Larry Funnell : Le témoignage d’un homme atteint d’ostéoporose

Upon his retirement in 2006 from his position with the federal government, Larry turned his attention to learning more about osteoporosis. His quest for answers and information he could trust led him to the Canadian Osteoporosis Patient Network and Osteoporosis Canada. Finally, here were the people who understood what he was going through, a man, seemingly alone, in the woman’s world of osteoporosis.

Larry was diagnosed with osteoporosis when he was 48 years old, shortly after moving to Vancouver from Ottawa. He recounts his experiences with the disease:

I was shocked when my doctor told me I had osteoporosis. Like many others, I didn’t think that the disease affected men.

“Even though I broke many bones in my mid to late 40s, all from accidents no more severe than a fall from a standing position, it wasn’t until my tenth fracture that the diagnosis of osteoporosis was confirmed. My history with bone breaks suddenly made sense.

“As a man, I felt isolated by osteoporosis. The Internet told me that a significant number of those afflicted with osteoporosis were men. Really? Where were they hiding? Didn’t they want to talk to other men and share their experiences? Perhaps they too were embarrassed to learn they had the disease – indeed my own embarrassment kept me from telling anyone other than my family that I had osteoporosis.

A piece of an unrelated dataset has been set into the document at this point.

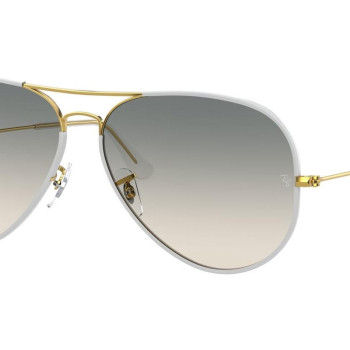 Ray-Ban Aviator Full Color RB3025JM 919632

“That all began to change with the arrival of a simple email chock full of information about osteoporosis – the COPING newsletter from the Canadian Osteoporosis Patient Network. The discovery of COPN lifted a considerable weight from my shoulders. Here were people who truly understood what I was going through. For the first time I was comfortable to openly share my story. As my enthusiasm grew for the things COPN was doing to help individuals like me, so too did my involvement in the organization.

“I am proud to now be the Chair of COPN. It is an honour to be part of a group of individuals who are so committed to helping those affected by osteoporosis live well and live safely.

Larry and his wife Alice live in Cloverdale, British Columbia with their dog Leesha. They have two grown sons and three grandchildren. Larry has started a second career working at a home improvement retailer where he helps customers fulfill all their needs for seasonal products and services.